Envoy advises Indians against Hazare protests
DUBAI // Two more men have been detained for organising a march in Dubai in support of the Indian activist Anna Hazare without permission.
A bail application lodged on behalf of three men already in custody over the march on Saturday was refused yesterday, according to prosecution sources.
More than 150 men, women and children took part in the late-evening three-kilometre walk at Al Mamzar beach carrying Indian flags and banners and wearing badges.
The Indian consulate cautioned its nationals yesterday against "public reactions to issues in India", and urged them to submit signed petitions instead.
"Sometimes, an emotive reaction encourages behaviour that falls foul of local laws and sensitivities," Sanjay Verma, the Indian consul general, wrote on the consulate's newly launched Facebook page.
"I do understand that many Indians here feel strongly about the protests in India. A simpler way of conveying concerns is by petitions."
A petition on the protests signed by 170 people and submitted to the consulate has been forwarded to the Indian prime minister's office.
Mr Hazare, whose methods have inspired comparisons with India's greatest leader, Mohandas Gandhi, is on an indefinite fast that began on August 16.
He is demanding that the Indian government adopt legislation that would make the judiciary and prime minister’s office subject to oversight by a new anti-corruption ombudsman.
On the Indian consulate’s Facebook page, Mr Verma wrote: “The world is shrinking. Happenings in India, whether it is the Cricket World Cup victory, natural calamities or movements, affect many of us with an intensity as if we were back home. The reaction to some developments in India makes many of us forget that we are in a foreign land.”
He said if people wanted to react publicly to issues back home, it should be done after “acknowledging local laws and other requirements”.
The consulate is in touch with the families of the arrested men. “The local law and legal process will determine the fate of those arrested,” Mr Verma said.

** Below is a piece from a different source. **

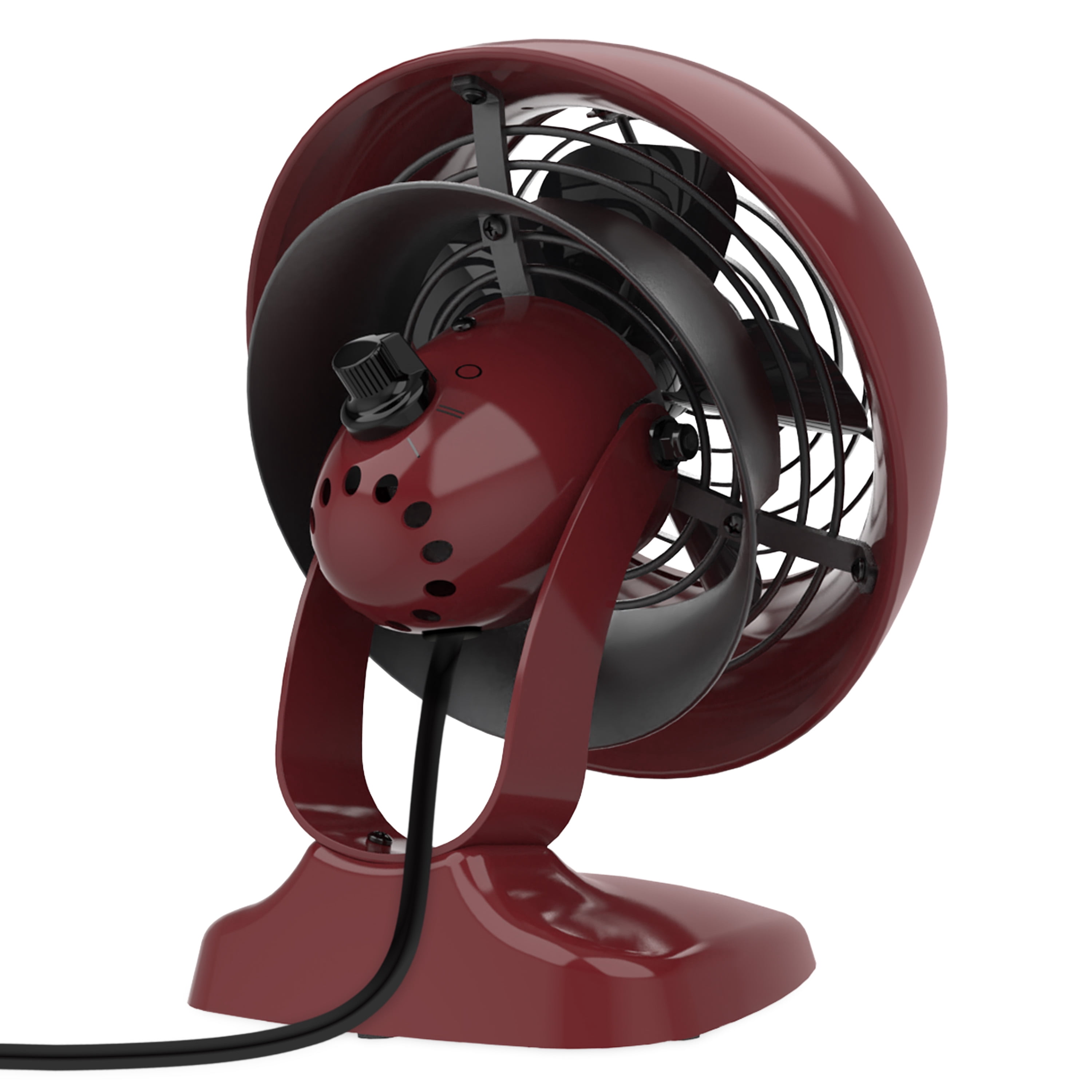 Vornado VFAN™ Mini Fan, Classic Vintage Circulator, Retro Metal Air Circulator, For Desk & Bedside, 2 Speeds, Adjustable Tilt, Personal Cooling with Targeted Airflow, Quiet Fan, Claret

A second group of Indian expatriates will travel to New Delhi next week to join Mr Hazare’s protest. KK Sarachandra Bose, a lawyer in Dubai, said the contingent of non-resident Indians would be a part of “awakening the soul of India” with Mr Hazare.
“It is now or never. History will question us about our contribution to the second freedom struggle,” Mr Bose said. He urged more Indian nationals to join in what he described as an historic moment.
“We are doing this in relay. A group of ours will always be there,” said Mr Bose, who was detained by Delhi police in a stadium for a day last week with another expatriate and thousands of Indian residents.
He returned last week, and is expected to leave again with the group on Monday.
The first group of about 12 UAE expatriates arrived in India on August 16. Some joined the hunger strike to express their solidarity with the 73-year-old activist.
Mr Hazare vowed yesterday to continue his hunger strike, as the Indian government called an emergency all-party meeting and resolved to consider his anti-corruption bill. Mr Bose said he might cancel the visit by Indian nationals from the UAE if a compromise were reached and Mr Hazare ended his hunger strike.